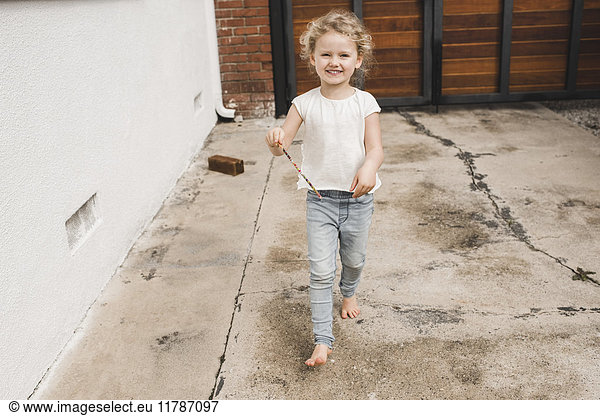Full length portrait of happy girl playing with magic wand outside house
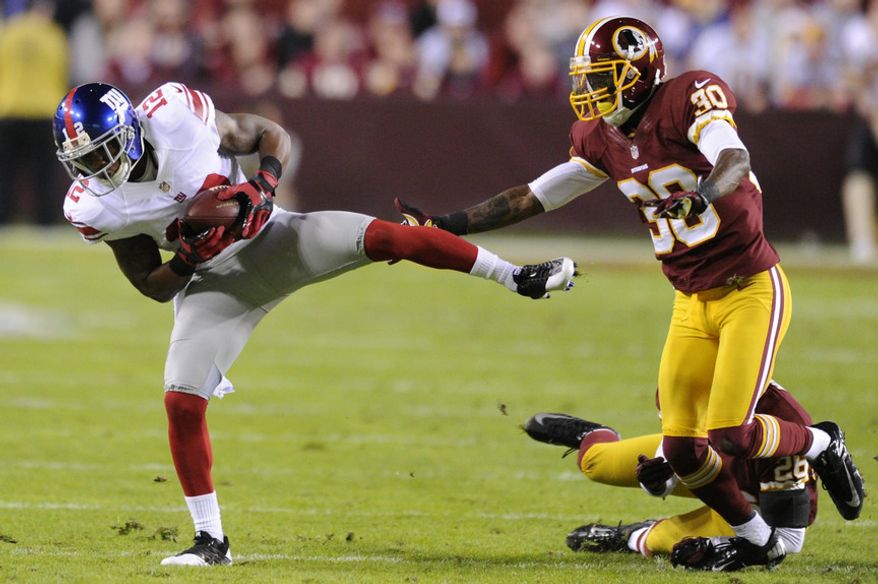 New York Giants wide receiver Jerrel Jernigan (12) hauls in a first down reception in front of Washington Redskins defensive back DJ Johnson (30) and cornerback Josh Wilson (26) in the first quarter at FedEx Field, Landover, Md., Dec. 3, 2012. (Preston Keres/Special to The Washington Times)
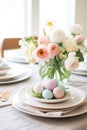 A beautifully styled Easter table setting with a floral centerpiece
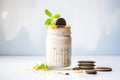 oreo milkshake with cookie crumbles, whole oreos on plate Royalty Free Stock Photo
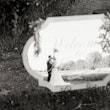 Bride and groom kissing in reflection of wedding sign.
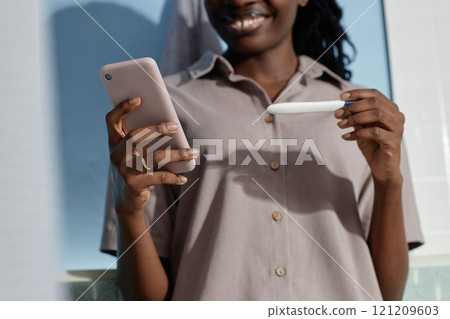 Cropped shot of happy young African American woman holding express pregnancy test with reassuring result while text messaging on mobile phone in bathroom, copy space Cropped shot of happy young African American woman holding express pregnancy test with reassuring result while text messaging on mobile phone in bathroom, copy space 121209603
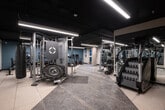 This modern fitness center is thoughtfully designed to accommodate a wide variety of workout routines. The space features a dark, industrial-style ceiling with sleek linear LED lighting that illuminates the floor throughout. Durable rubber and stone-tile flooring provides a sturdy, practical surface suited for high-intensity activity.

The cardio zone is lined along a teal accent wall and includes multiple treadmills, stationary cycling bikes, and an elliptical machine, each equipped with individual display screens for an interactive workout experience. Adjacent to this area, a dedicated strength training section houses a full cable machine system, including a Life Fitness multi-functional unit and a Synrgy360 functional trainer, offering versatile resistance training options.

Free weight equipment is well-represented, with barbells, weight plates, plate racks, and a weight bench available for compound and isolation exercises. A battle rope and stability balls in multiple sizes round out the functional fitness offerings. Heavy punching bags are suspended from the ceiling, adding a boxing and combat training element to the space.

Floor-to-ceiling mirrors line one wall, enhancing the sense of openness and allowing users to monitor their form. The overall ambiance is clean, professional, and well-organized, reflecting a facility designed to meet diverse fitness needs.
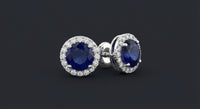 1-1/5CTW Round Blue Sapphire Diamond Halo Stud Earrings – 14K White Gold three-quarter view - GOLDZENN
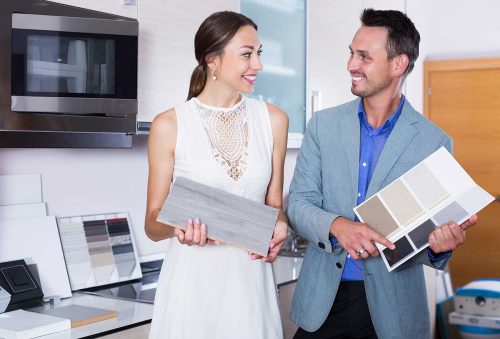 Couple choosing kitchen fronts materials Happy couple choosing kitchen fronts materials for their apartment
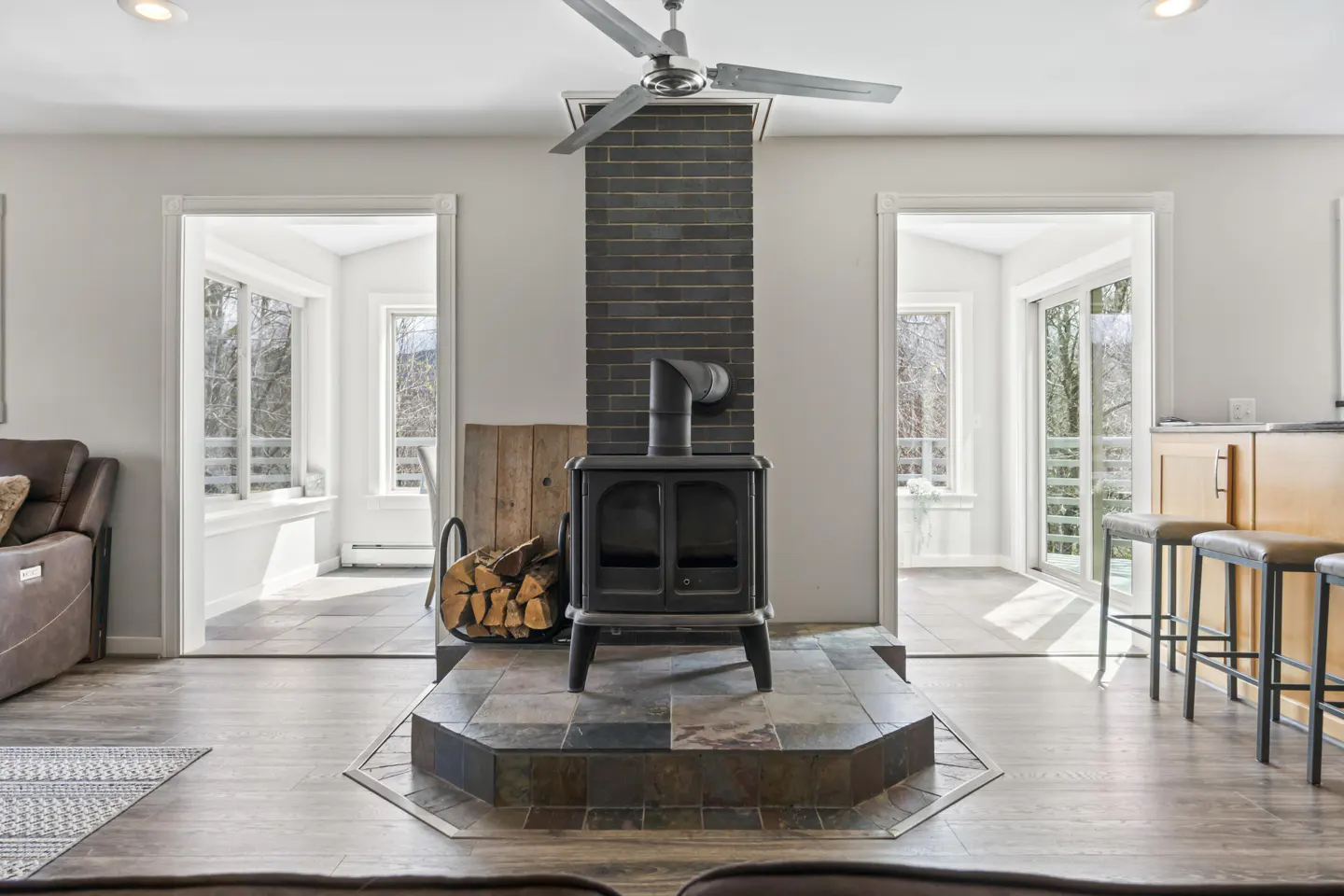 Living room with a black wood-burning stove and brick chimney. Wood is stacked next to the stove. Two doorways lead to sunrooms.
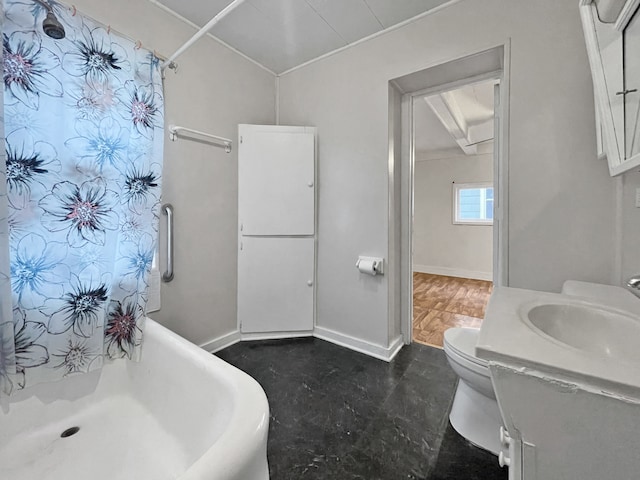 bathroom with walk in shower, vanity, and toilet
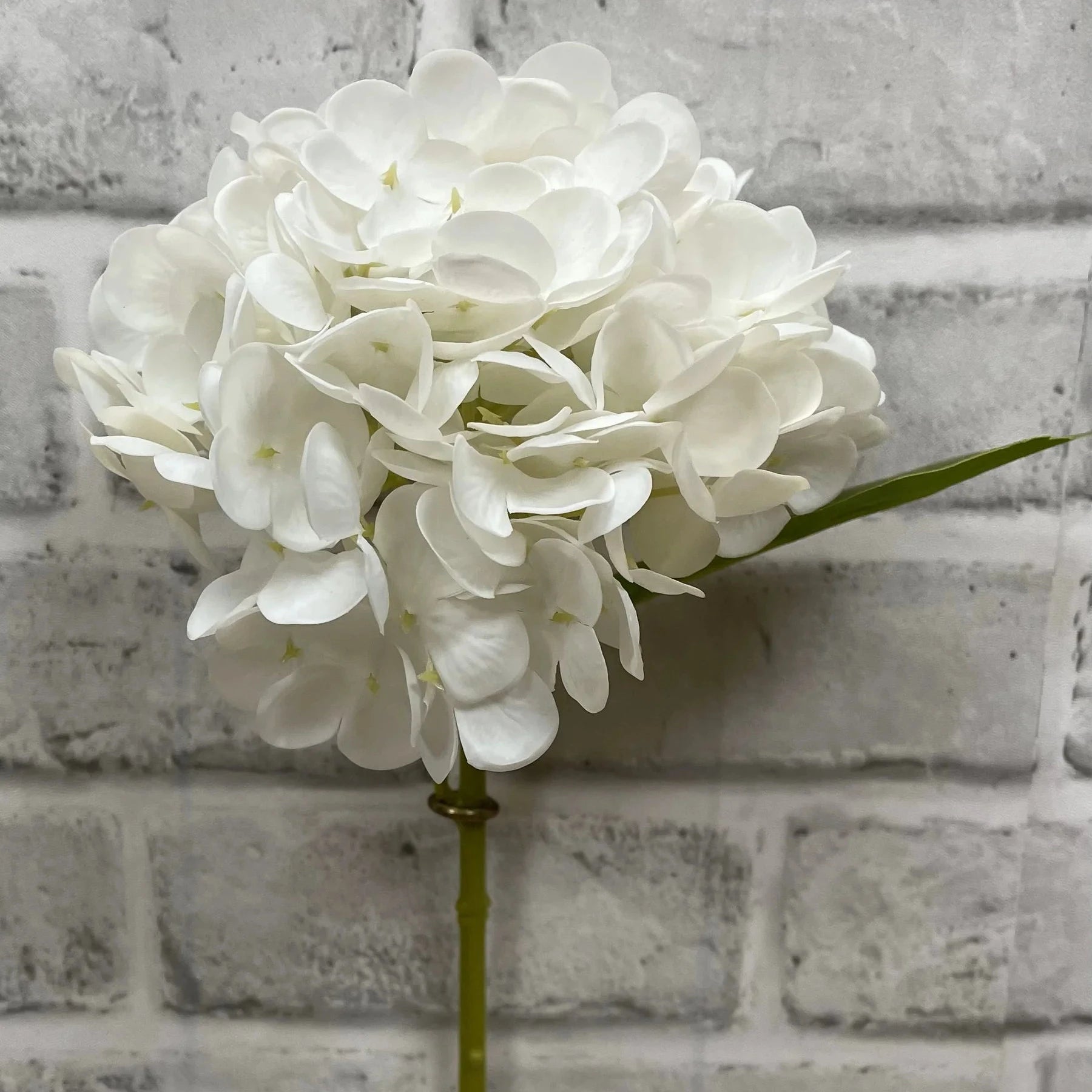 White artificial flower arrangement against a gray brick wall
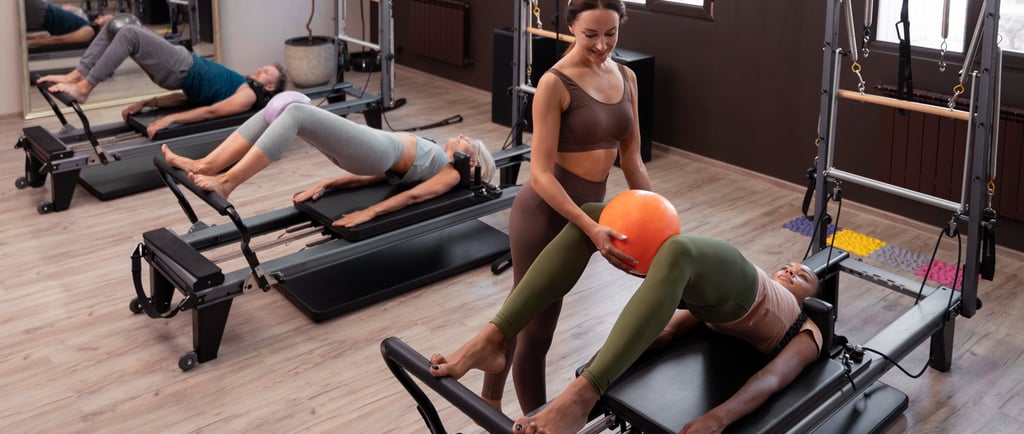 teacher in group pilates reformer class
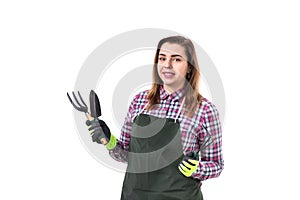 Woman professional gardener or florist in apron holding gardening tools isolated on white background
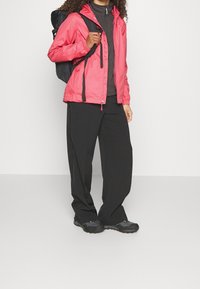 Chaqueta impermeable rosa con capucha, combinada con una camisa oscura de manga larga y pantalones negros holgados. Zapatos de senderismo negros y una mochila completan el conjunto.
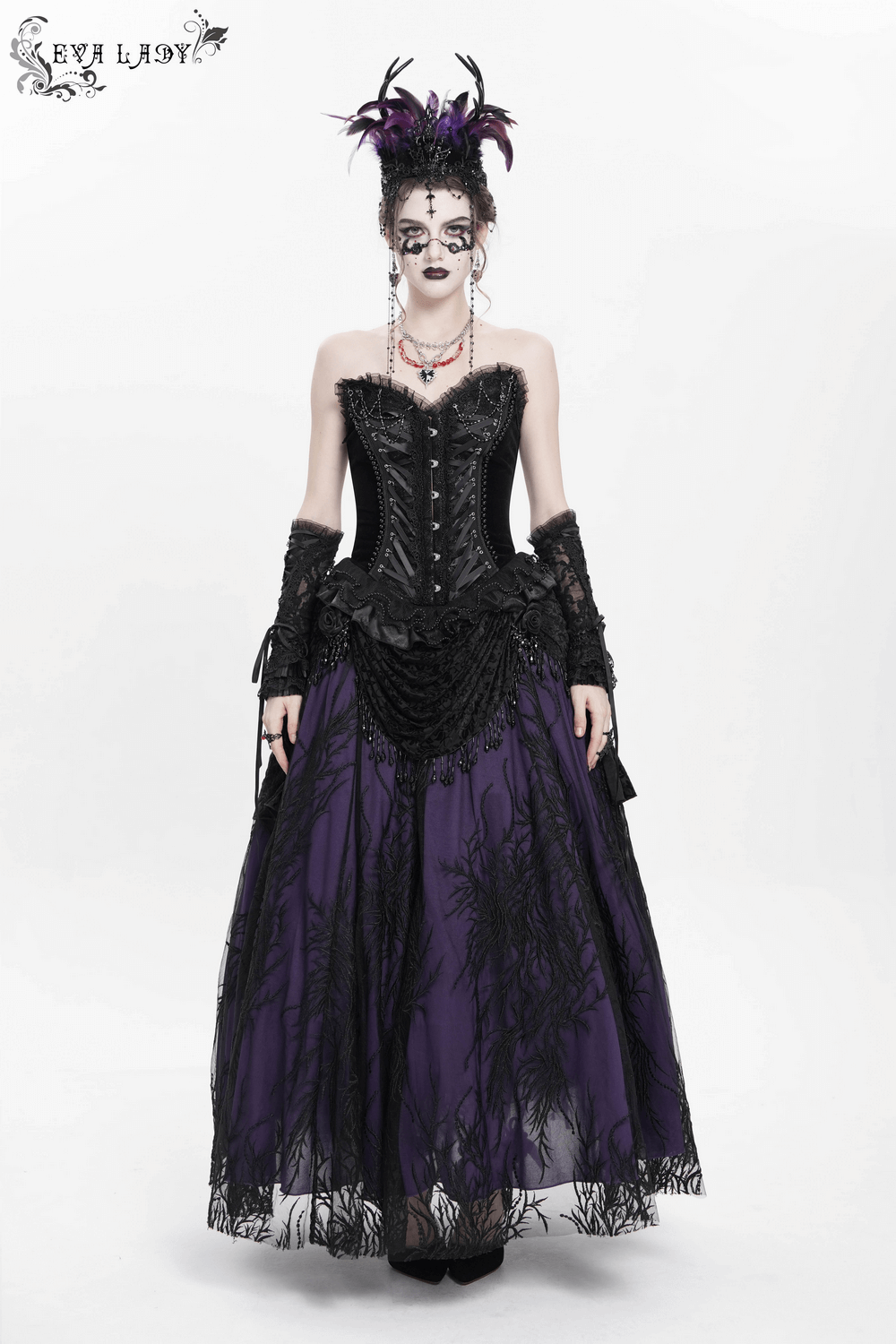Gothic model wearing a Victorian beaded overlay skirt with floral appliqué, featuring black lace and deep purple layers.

# [Exercise prompt]
Copy exactly the lines that run from the one containing "Free weight equipment" to the last line of the records, both included, and leave out every picture.

# [Completed exercise]
Free weight equipment is well-represented, with barbells, weight plates, plate racks, and a weight bench available for compound and isolation exercises. A battle rope and stability balls in multiple sizes round out the functional fitness offerings. Heavy punching bags are suspended from the ceiling, adding a boxing and combat training element to the space.

Floor-to-ceiling mirrors line one wall, enhancing the sense of openness and allowing users to monitor their form. The overall ambiance is clean, professional, and well-organized, reflecting a facility designed to meet diverse fitness needs.
 1-1/5CTW Round Blue Sapphire Diamond Halo Stud Earrings – 14K White Gold three-quarter view - GOLDZENN
 Couple choosing kitchen fronts materials Happy couple choosing kitchen fronts materials for their apartment
 Living room with a black wood-burning stove and brick chimney. Wood is stacked next to the stove. Two doorways lead to sunrooms.
 bathroom with walk in shower, vanity, and toilet
 White artificial flower arrangement against a gray brick wall
 teacher in group pilates reformer class
 Woman professional gardener or florist in apron holding gardening tools isolated on white background
 Chaqueta impermeable rosa con capucha, combinada con una camisa oscura de manga larga y pantalones negros holgados. Zapatos de senderismo negros y una mochila completan el conjunto.
Gothic model wearing a Victorian beaded overlay skirt with floral appliqué, featuring black lace and deep purple layers.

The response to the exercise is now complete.